Finally, in making this argument, the Respondents fail to address the fact that the resignation of Village officials and the appointment of [Town] officials to fill those vacancies resulted in the elimination of the town government of [the Town]. The Agreement and the implementation of the Agreement by enactment of the first Triggering Ordinance and the forced resignation of Town officials left these property owners and these lands [in the Town remnant] in a legal limbo.
(Footnote omitted.) The City fails to explain how the elimination of the Town government or the alternative modes of consolidation it alleges relate to the express language of Wis.Stat. § 66.0301(6), which allows what occurs under the Agreement-namely, the determination or change in a boundary line between municipalities. We reject these arguments because they are both undeveloped and raised for the first time in the City's reply brief rather than in its brief-in-chief. See State v. Pettit, 171 Wis.2d 627, 646, 492 N.W.2d 633 (Ct. App. 1992) (we need not address undeveloped arguments); State v. Reese, 2014 WI.App. 27, ¶14 n.2, 353 Wis.2d 266, 844 N.W.2d 396 (we need not address arguments raised for first time in reply brief as the adverse parties have not been able to respond to those arguments).

¶24 In sum, the City has failed to show that the Agreement eliminates the boundary lines between the Town and Village, thereby resulting in consolidation of the two municipalities. Because the City's challenge to the Agreement is premised on this argument, its challenge to the Agreement likewise fails.
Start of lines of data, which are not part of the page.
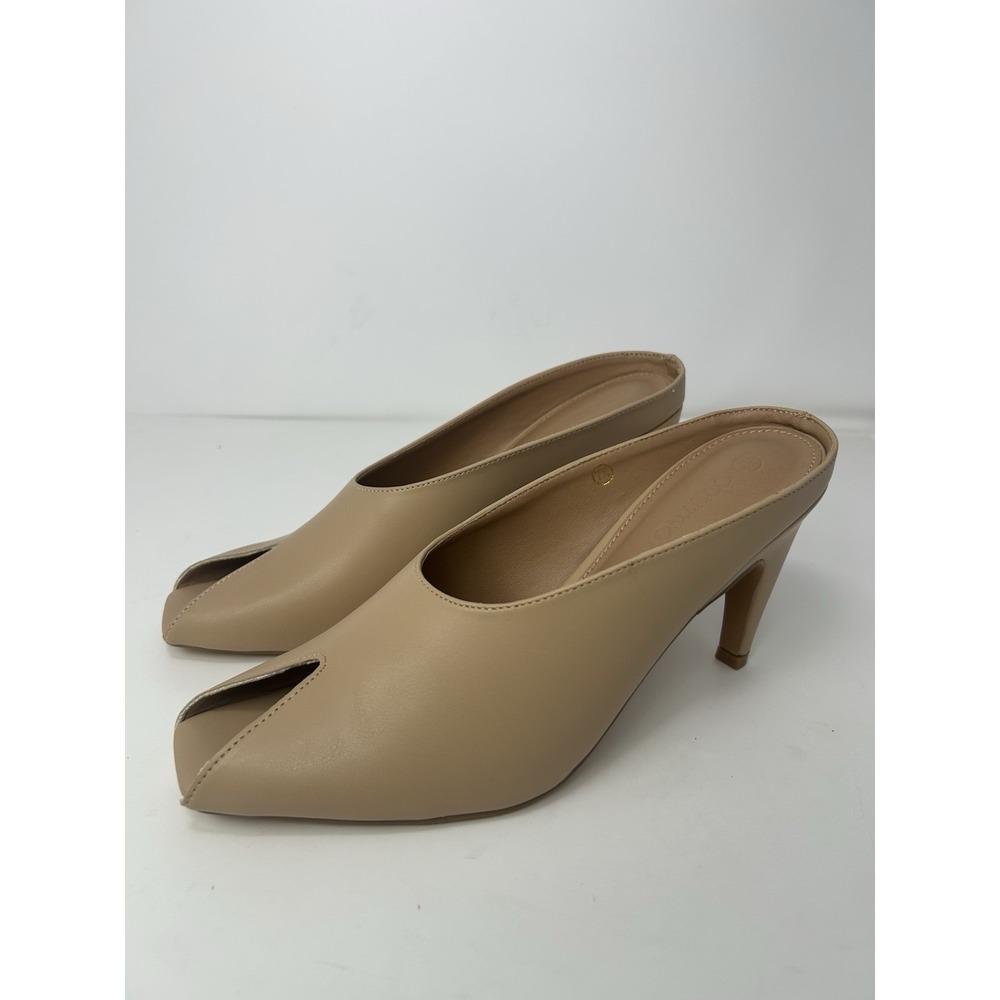 Coutgo Women's Kitten Heel Mules Peep Toe‎ Slide Sandals Nude Beige Size 7.5 NIB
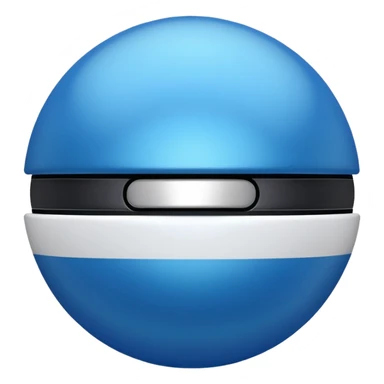 blue pokeball emoji, top half is a more saturated blue, bottom half is white, black stripe, with a metallic sheen sticker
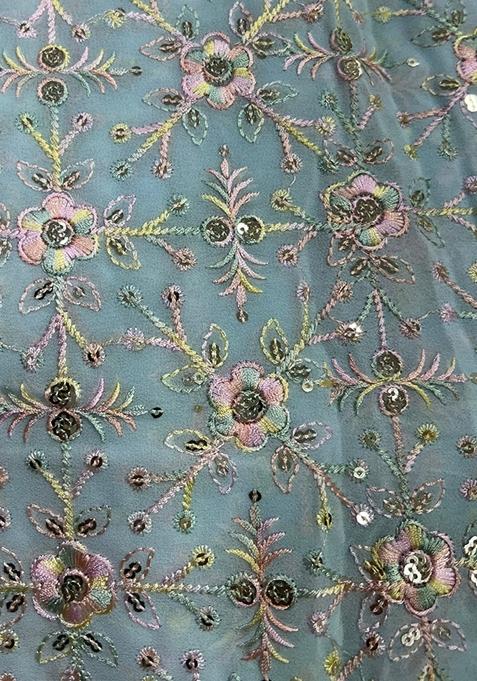 Blue Embroidered Georgette Pre Draped Saree Set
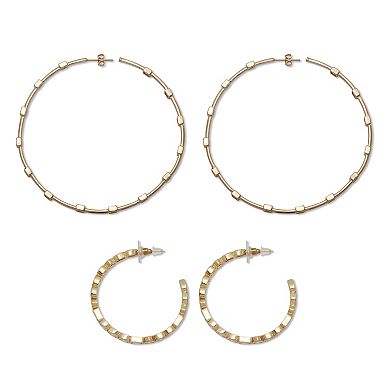 PalmBeach Jewelry 2-Pair Bezel-Set Crystal Goldtone Hoop Earrings, 1.5 and 3 Inches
III. The City Fails to Show that the Agreement Exceeds the Authority Granted the Respondents Under Wis.Stat. § 66.0301.

¶25 The City separately argues that the Agreement is void because it "exceeds the authority granted by [Wis. Stat.] § 66.0301" in several respects. We address these arguments, rejecting each of them.

A. Section 6 of the Agreement.

¶26 The City challenges Section 6 of the Agreement, arguing that it exceeds the authority granted by Wis.Stat. § 66.0301 and "violates the public policy of the State of Wisconsin." Section 6 sets forth a process involving the sequential resignation of Village board members and the appointment of Town officials to fill these vacancies, as follows:

Section 6: Post-Boundary Change Village Board.
The current Town Board consists of three Supervisors, one of whom serves as Town Chairperson. The current Village Board consists of three Trustees, one of whom serves as Village Board President.
The parties agree that as soon as practicable upon completion of the Boundary Change, the current Village Board members will sequentially resign from their respective positions, and the remaining Village Board members will appoint the current Town Board members as
the resignees' replacements. It is the intent of this Section that upon completion of this process, the current Town Board members-each of whom will reside in the Village after the Boundary Change-will serve as Village Board members, with the current Town Chairperson serving as Village Board President. This Agreement is void if this transition does not occur as described herein, unless both parties agree in writing otherwise.
After the initial appointments described in this section, all Village officer positions will be filled by either election or appointment, as appropriate pursuant to applicable law.

The City makes three specific arguments as to how this Section invalidates the Agreement under § 66.0301. As discussed below, none of these arguments are persuasive.

¶27 First, the City argues that, pursuant to subsec. (2) of Wis.Stat. § 66.0301, the purpose of agreements under § 66.0301 is to authorize two municipalities to contract "for the receipt or furnishing of services or the joint exercise of any power or duty authorized by law." See § 66.0301(2). The City argues that Section 6 of the Agreement exceeds the authority in § 66.0301 because the sequential resignation and appointment process in that section does not relate to the receipt or furnishing of services or the joint exercise of powers granted to the Respondents under § 66.0301(2).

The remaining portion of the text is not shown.